* _EXERCISE_: Every entry below should be copied exactly, minus the pictures.

EXTRACTED INFORMATION Start Marker

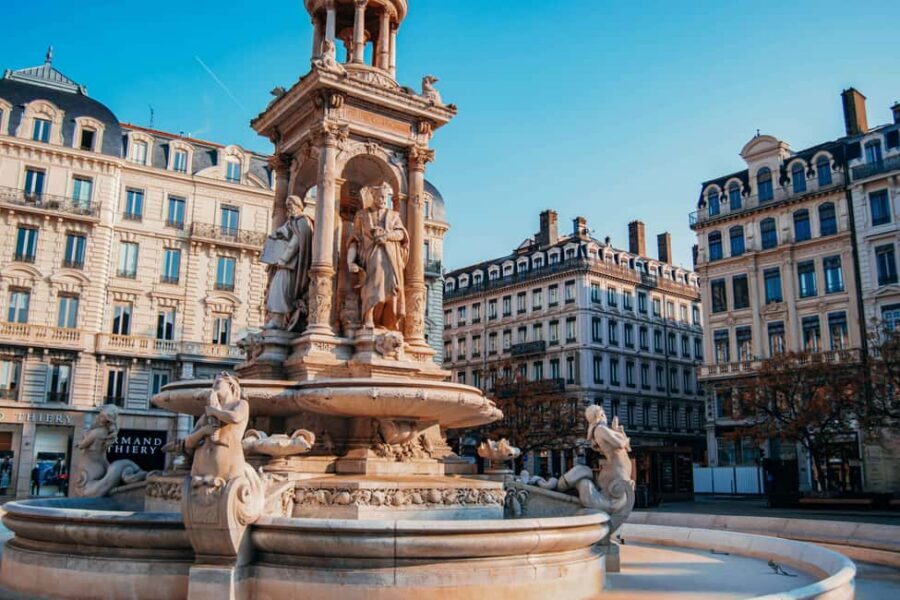 Lyon: Photoshoot Experience - Choosing Your Spot: The Background That Matches Your Story
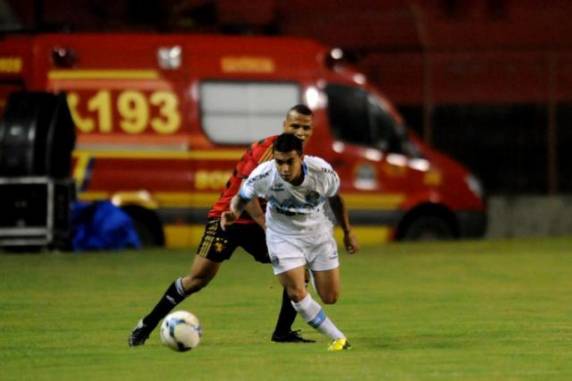Tricolor para no time pernambucano e não sai do zero na Ilha do Retiro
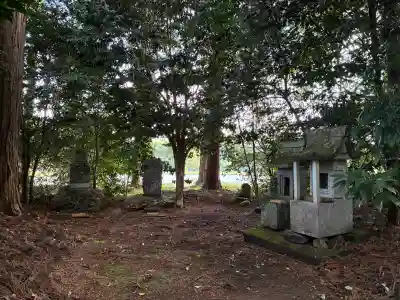 小林瀧尾神社の{uncategorized: "未分類", other: "その他", undefined: "問題あり", building: "その他建物", grave: "お墓", sacred_gate: "鳥居", guardian: "狛犬", statue: "像", buddha: "仏像", history: "歴史", nature: "自然", garden: "庭園", animal: "動物", pagoda: "塔", temizu: "手水舎", mountain_gate: "山門・神門", sanctuary: "本殿・本堂", subordinate: "末社・摂社", art: "芸術", scenery: "景色", jizo: "地蔵", ema: "絵馬", goshuin: "御朱印", omikuji: "おみくじ", items: "授与品その他", amulet: "お守り", goshuincho: "御朱印帳", eats: "食事", festival: "お祭り", votive_dance: "神楽", shichigosan: "七五三参", wedding: "結婚式", experience: "体験その他", initially: "初詣", around: "周辺", anti_infection: "感染症対策"}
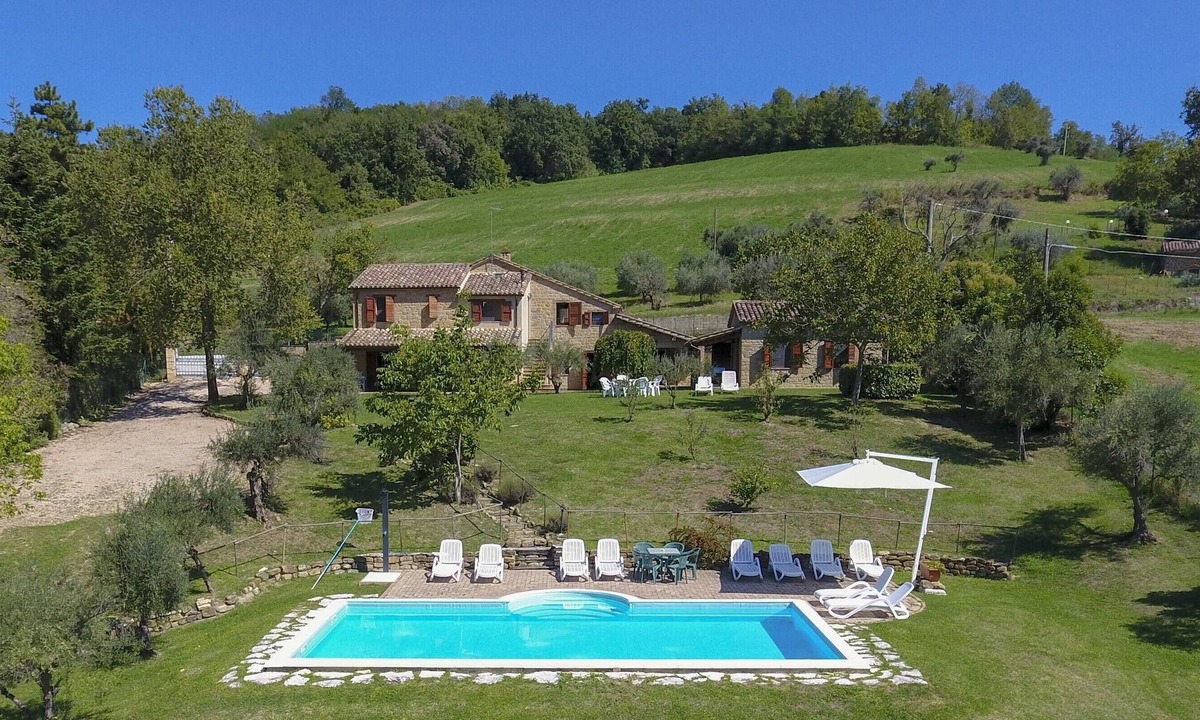 Gualdo House | Charming Villa in Marche, private pool and fantastic landscape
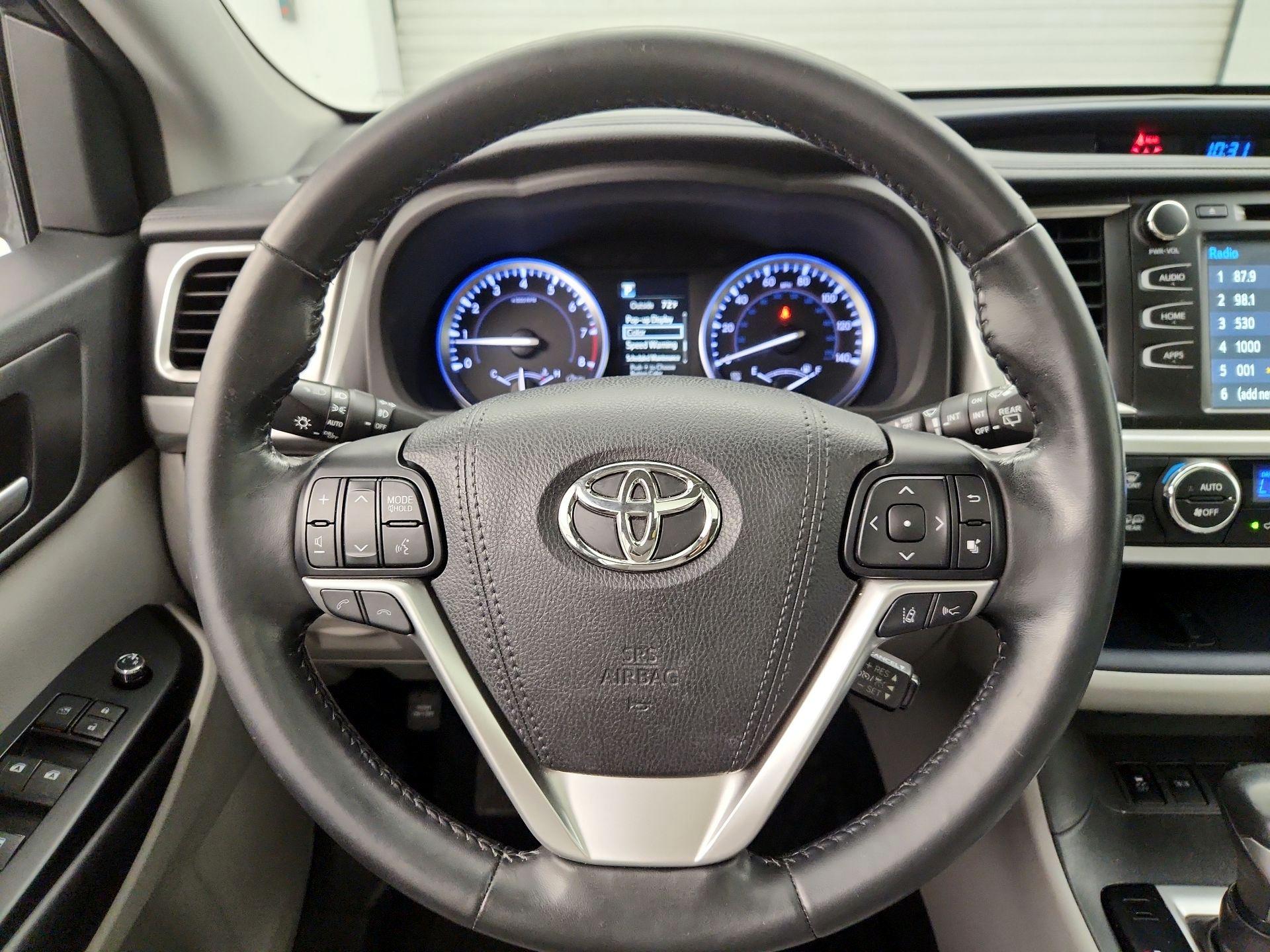 Thumbnail: 2017 Toyota Highlander - 10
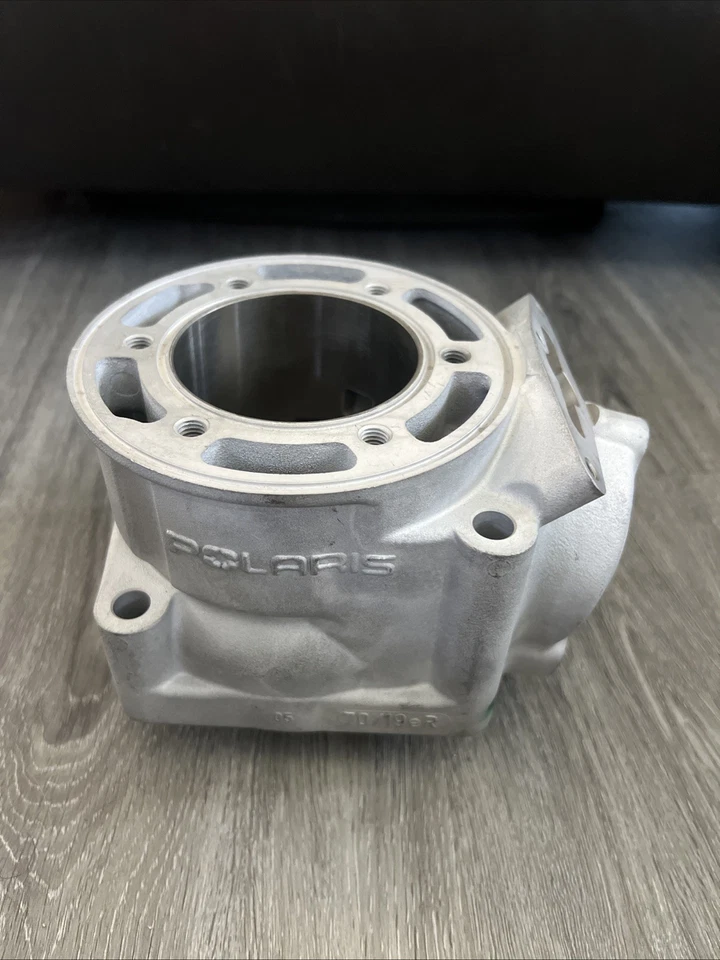 Moto de nieve Polaris VES 500 Reman cilindro XC SP Classic 3021334, reembolso de $50 Core Foto 3 de 4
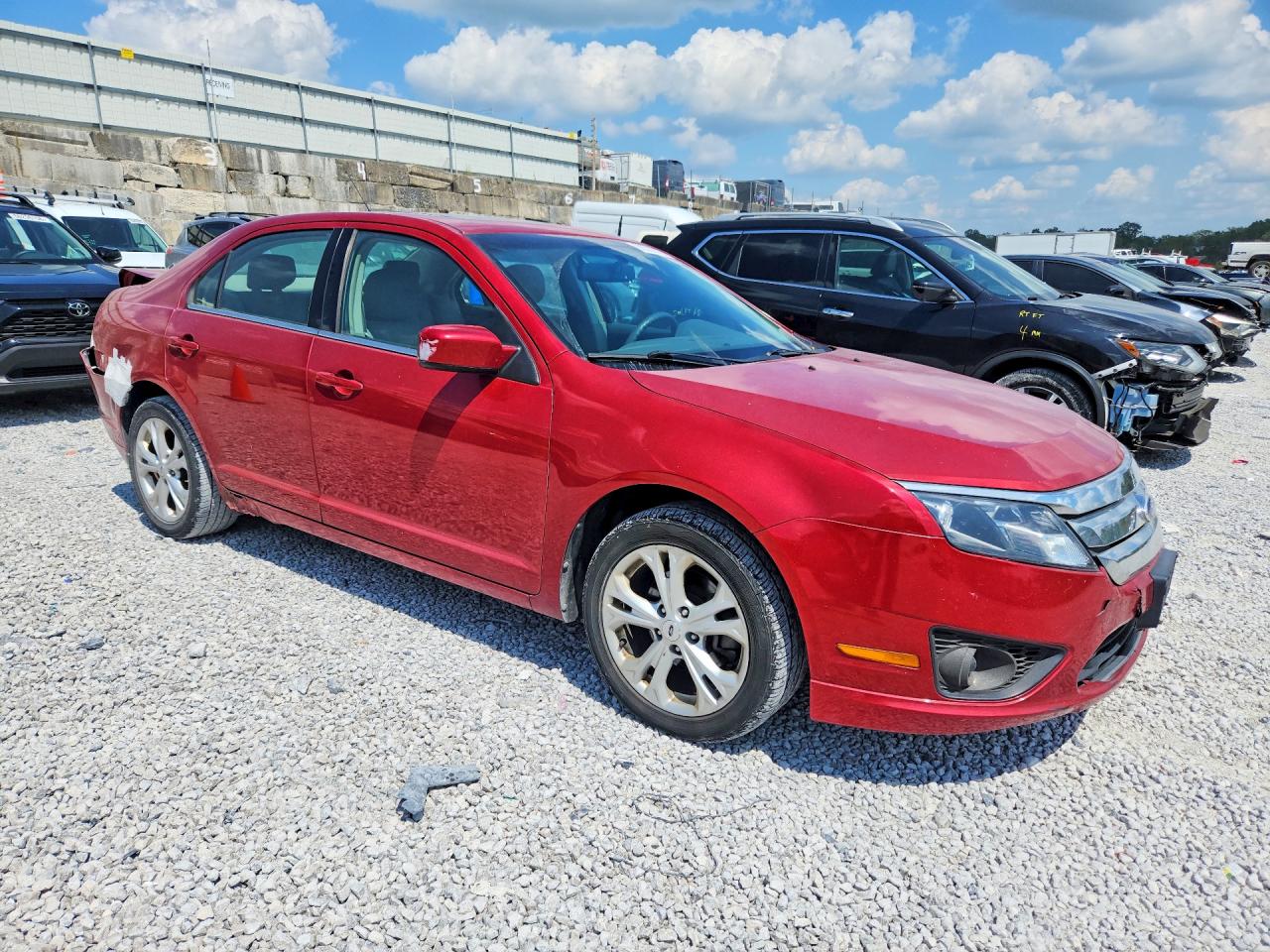 2012 Ford Fusion Se Red vin: 3FAHP0HA7CR168613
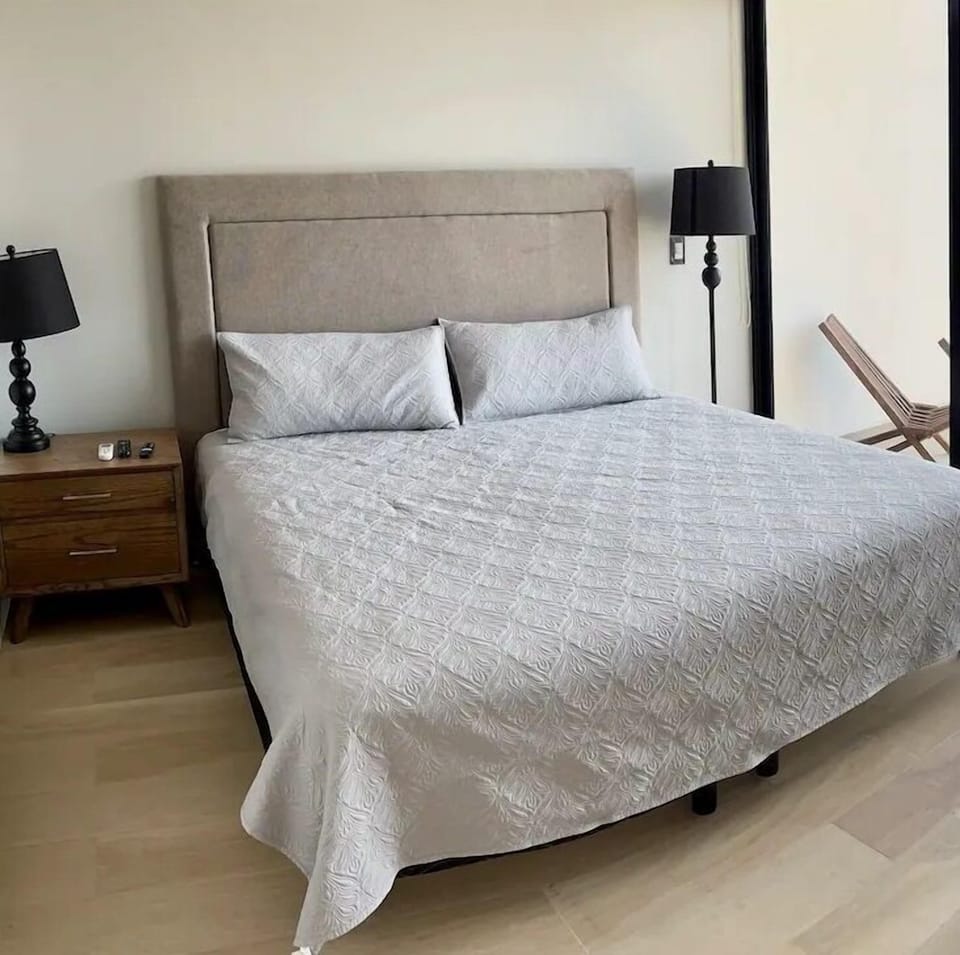 Comfort Condo | 2 bedrooms, free WiFi, bed sheets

EXTRACTED INFORMATION End Marker

* _COMPLETED EXERCISE_:
 Lyon: Photoshoot Experience - Choosing Your Spot: The Background That Matches Your Story
Tricolor para no time pernambucano e não sai do zero na Ilha do Retiro
 小林瀧尾神社の{uncategorized: "未分類", other: "その他", undefined: "問題あり", building: "その他建物", grave: "お墓", sacred_gate: "鳥居", guardian: "狛犬", statue: "像", buddha: "仏像", history: "歴史", nature: "自然", garden: "庭園", animal: "動物", pagoda: "塔", temizu: "手水舎", mountain_gate: "山門・神門", sanctuary: "本殿・本堂", subordinate: "末社・摂社", art: "芸術", scenery: "景色", jizo: "地蔵", ema: "絵馬", goshuin: "御朱印", omikuji: "おみくじ", items: "授与品その他", amulet: "お守り", goshuincho: "御朱印帳", eats: "食事", festival: "お祭り", votive_dance: "神楽", shichigosan: "七五三参", wedding: "結婚式", experience: "体験その他", initially: "初詣", around: "周辺", anti_infection: "感染症対策"}
 Gualdo House | Charming Villa in Marche, private pool and fantastic landscape
 Thumbnail: 2017 Toyota Highlander - 10
 Moto de nieve Polaris VES 500 Reman cilindro XC SP Classic 3021334, reembolso de $50 Core Foto 3 de 4
 2012 Ford Fusion Se Red vin: 3FAHP0HA7CR168613
 Comfort Condo | 2 bedrooms, free WiFi, bed sheets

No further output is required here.